Crawled caption data
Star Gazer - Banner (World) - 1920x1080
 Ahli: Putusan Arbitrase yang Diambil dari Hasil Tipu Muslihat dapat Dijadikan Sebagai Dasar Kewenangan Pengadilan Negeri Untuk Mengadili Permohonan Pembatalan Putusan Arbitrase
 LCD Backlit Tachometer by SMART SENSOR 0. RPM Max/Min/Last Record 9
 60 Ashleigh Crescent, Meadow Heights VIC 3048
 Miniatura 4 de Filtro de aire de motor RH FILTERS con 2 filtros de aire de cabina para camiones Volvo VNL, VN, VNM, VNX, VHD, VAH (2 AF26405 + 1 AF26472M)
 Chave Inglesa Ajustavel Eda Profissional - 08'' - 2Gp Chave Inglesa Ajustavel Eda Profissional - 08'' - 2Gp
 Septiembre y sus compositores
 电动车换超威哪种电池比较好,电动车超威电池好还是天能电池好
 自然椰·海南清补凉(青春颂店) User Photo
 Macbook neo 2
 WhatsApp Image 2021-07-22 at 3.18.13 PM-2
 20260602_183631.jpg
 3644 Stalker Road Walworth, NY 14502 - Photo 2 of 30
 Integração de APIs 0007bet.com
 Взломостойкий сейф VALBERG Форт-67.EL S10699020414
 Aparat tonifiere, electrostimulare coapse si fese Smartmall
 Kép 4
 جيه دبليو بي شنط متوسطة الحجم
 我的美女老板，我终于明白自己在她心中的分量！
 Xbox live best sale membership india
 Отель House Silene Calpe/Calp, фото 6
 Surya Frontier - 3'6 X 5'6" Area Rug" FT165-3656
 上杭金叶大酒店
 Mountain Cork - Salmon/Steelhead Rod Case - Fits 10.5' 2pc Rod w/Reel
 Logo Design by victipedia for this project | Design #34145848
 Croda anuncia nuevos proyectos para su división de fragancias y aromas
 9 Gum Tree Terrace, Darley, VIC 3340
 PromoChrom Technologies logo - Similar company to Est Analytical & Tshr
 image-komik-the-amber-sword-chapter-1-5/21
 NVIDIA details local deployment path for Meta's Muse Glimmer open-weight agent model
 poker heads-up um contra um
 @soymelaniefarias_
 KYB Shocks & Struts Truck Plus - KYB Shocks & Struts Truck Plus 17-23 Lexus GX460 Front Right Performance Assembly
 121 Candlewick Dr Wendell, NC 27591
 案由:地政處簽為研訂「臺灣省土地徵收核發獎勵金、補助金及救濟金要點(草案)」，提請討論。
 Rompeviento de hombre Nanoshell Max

_What needs to be done_
Please find each line in the records above that holds the word "Photo", and copy it.

_Task output_
 自然椰·海南清补凉(青春颂店) User Photo
 3644 Stalker Road Walworth, NY 14502 - Photo 2 of 30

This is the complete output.